Dependently typed 'ZipVector' Applicatives

Question

I've made myself a "ZipVector" style Applicative on finite Vectors which uses a sum type to glue finite vectors to Units which model "infinite" vectors.

data ZipVector a = Unit a | ZipVector (Vector a)
             deriving (Show, Eq)

instance Functor ZipVector where
  fmap f (Unit a)  = Unit (f a)
  fmap f (ZipVector va) = ZipVector (fmap f va)
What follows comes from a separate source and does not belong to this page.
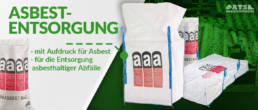 Online Banner für Website ATS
instance Applicative ZipVector where
  pure = Unit
  Unit f   <*> p        = fmap f p
  pf       <*> Unit x   = fmap ($ x) pf
  ZipVector vf <*> ZipVector vx = ZipVector $ V.zipWith ($) vf vx

This will probably be sufficient for my needs, but I idly wanted a "Fixed Dimensional" one modeled on the applicative instances you can get with dependently typed "Vector"s.

data Point d a = Point (Vector a) deriving (Show, Eq)

instance Functor (Point d) where
  fmap f (Point va) = Point (fmap f va)

instance Applicative Point where
  pure = Vector.replicate reifiedDimension
  Point vf <*> Point vx = Point $ V.zipWith ($) vf vx

where the d phantom parameter is a type-level Nat. How can I (if it's possible) write reifiedDimension in Haskell? Moreover, again if possible, given (Point v1) :: Point d1 a and (Point v2) :: Point d2 a how can I get length v1 == length v2 can I get d1 ~ d2?

Answer 1

How can I (if it's possible) write reifiedDimension in Haskell?

Using GHC.TypeLits and ScopedTypeVariables:

instance SingI d => Applicative (Point d) where
  pure = Point . Vector.replicate reifiedDimension
    where reifiedDimension = fromInteger $ fromSing (sing :: Sing d)
  ...

See my answer here for a full example.

Moreover, again if possible, given (Point v1) :: Point d1 a and (Point v2) :: Point d2 a how can I get length v1 == length v2 can I get d1 ~ d2?

With Data.Vector, no. You'd need a vector type that encodes the length in the type. The best you can do is to maintain this yourself and encapsulate it by not exporting the Point constructor.